REQUIRED WORK ->
Please repeat, exactly as written, every line from the one containing "full bathroom featuring" through the last line of the records, both included, and leave out any pictures.

MATERIAL FOR THIS EXERCISE ->
'''

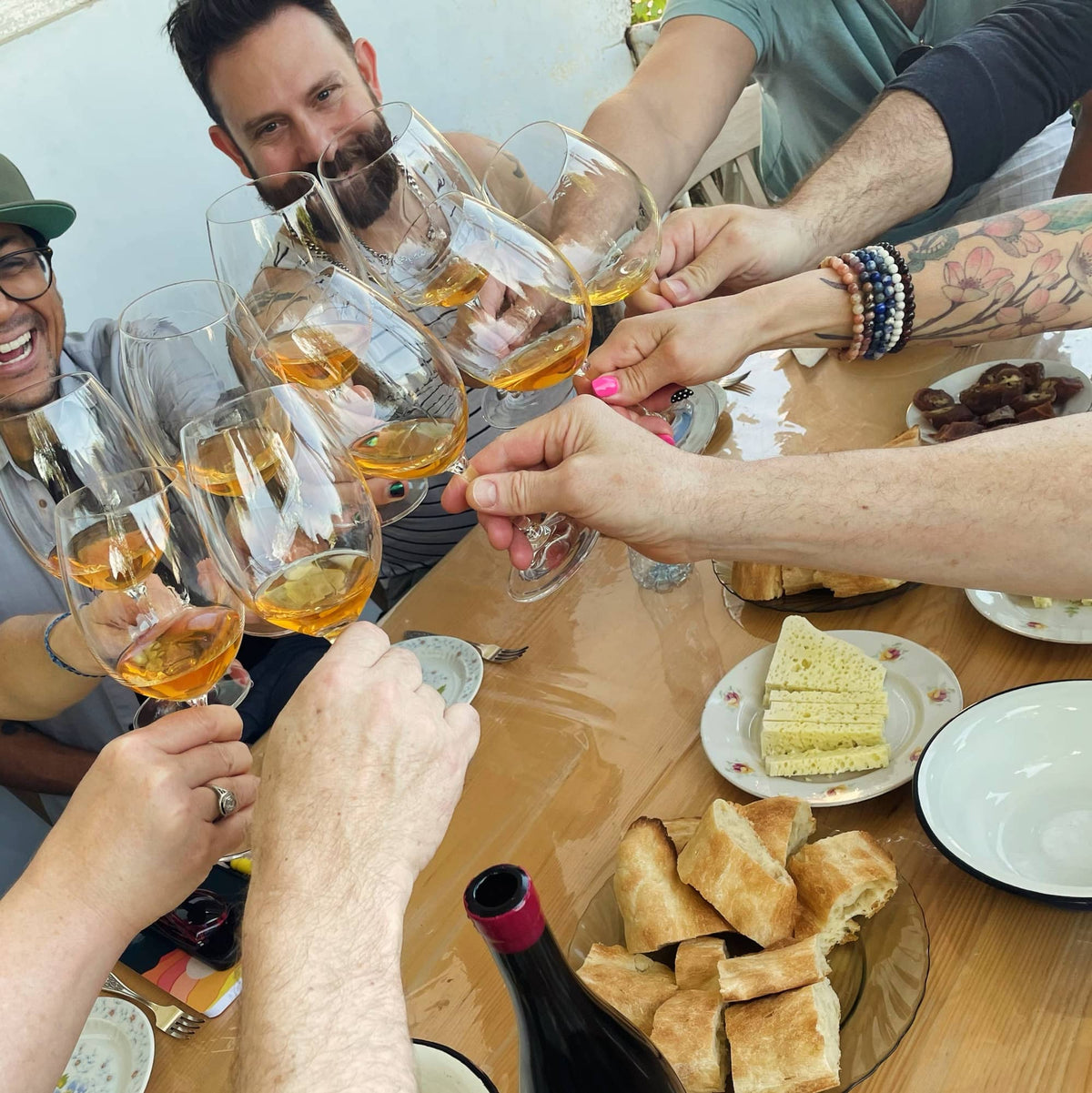 A group of Georgian and American friends raising glasses of amber (orange) wine in a toast. The scene features multiple hands holding wine glasses filled with amber wine, a wooden table with sliced Shotis Puri bread and Imeruli cheese on the table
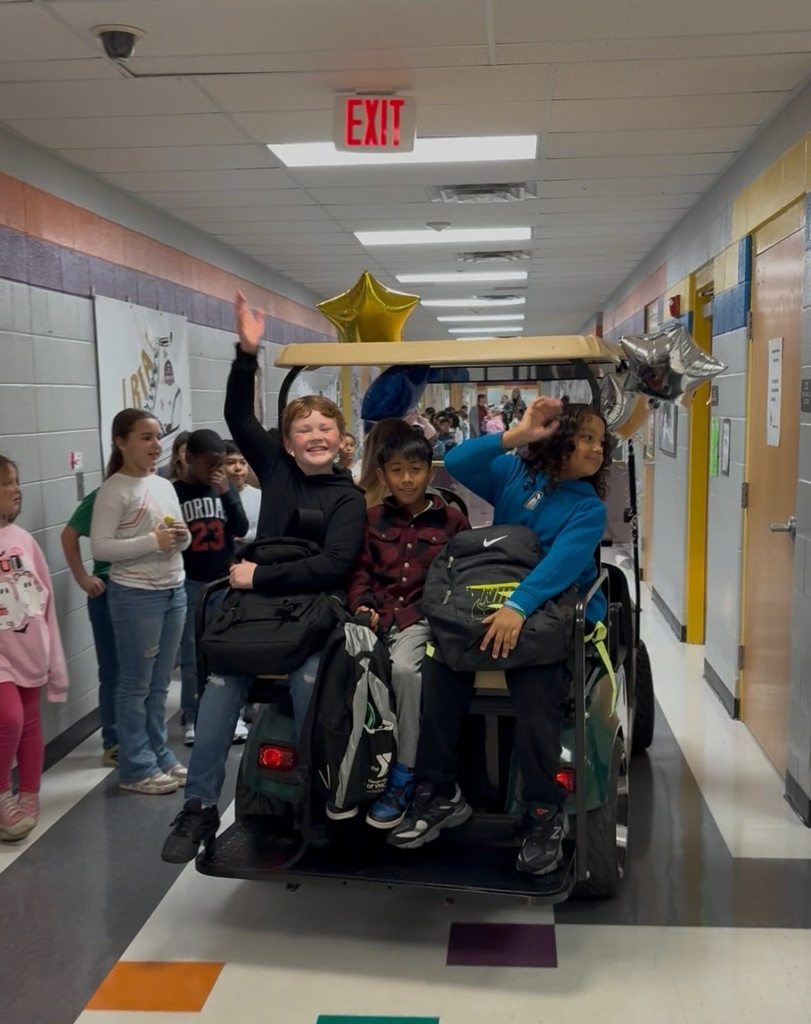 principals list riding a golf cart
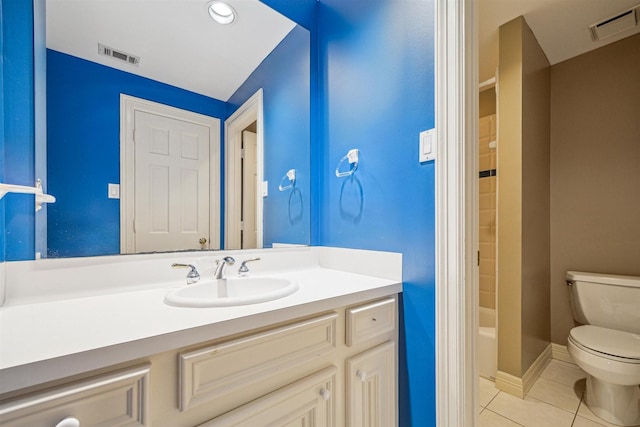 full bathroom featuring toilet, vanity,  shower combination, and tile patterned floors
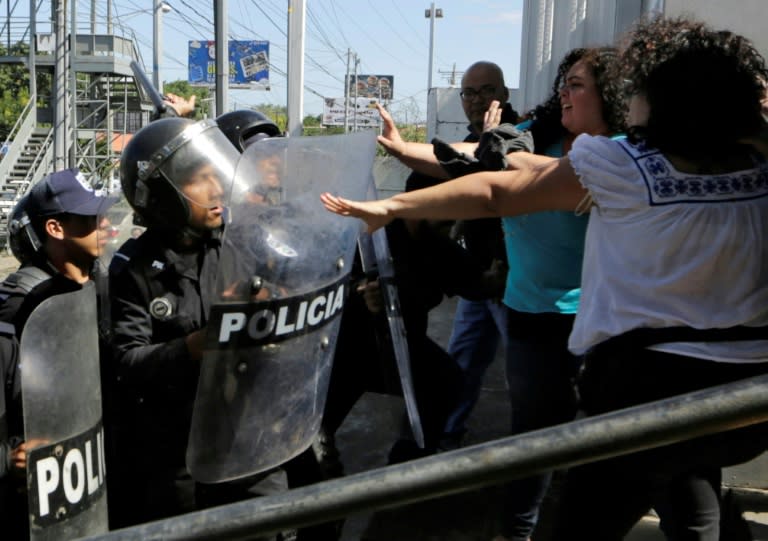 Riot policemen clear journalists from the surroundings of the Plaza El Sol police station as Chamorro (out of frame) tried to speak to National Police Senior Commissioner Francisco Diaz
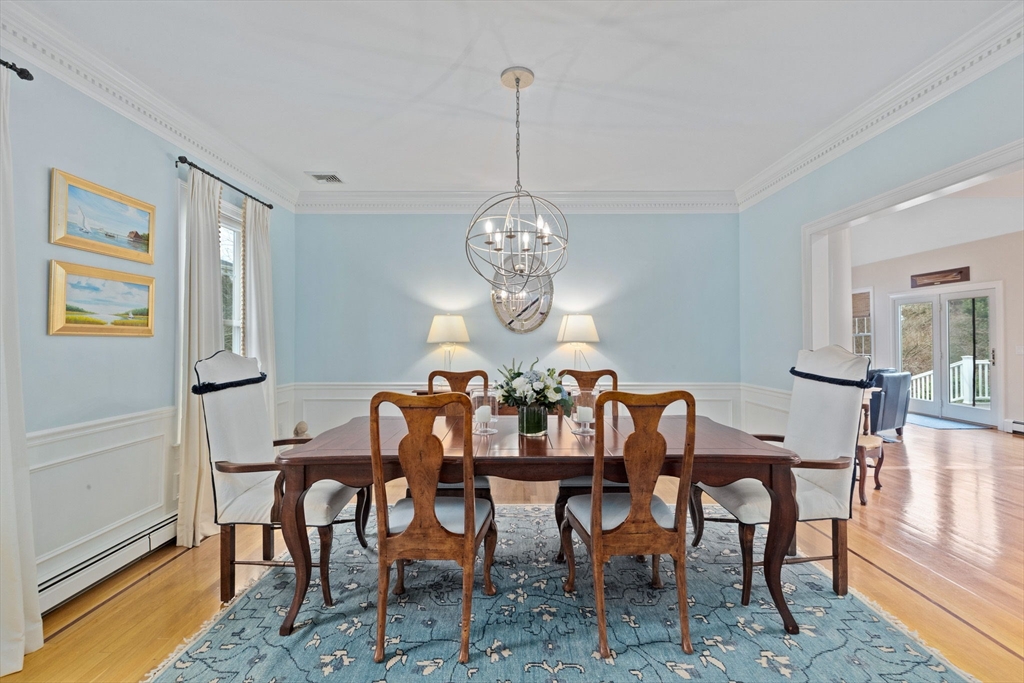 151 Tilden Road Scituate, MA 02066 - Photo 9 of 35 a view of a dining room with furniture window and wooden floor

'''

PROBLEM SOLUTION ->
 full bathroom featuring toilet, vanity,  shower combination, and tile patterned floors
 Riot policemen clear journalists from the surroundings of the Plaza El Sol police station as Chamorro (out of frame) tried to speak to National Police Senior Commissioner Francisco Diaz
 151 Tilden Road Scituate, MA 02066 - Photo 9 of 35 a view of a dining room with furniture window and wooden floor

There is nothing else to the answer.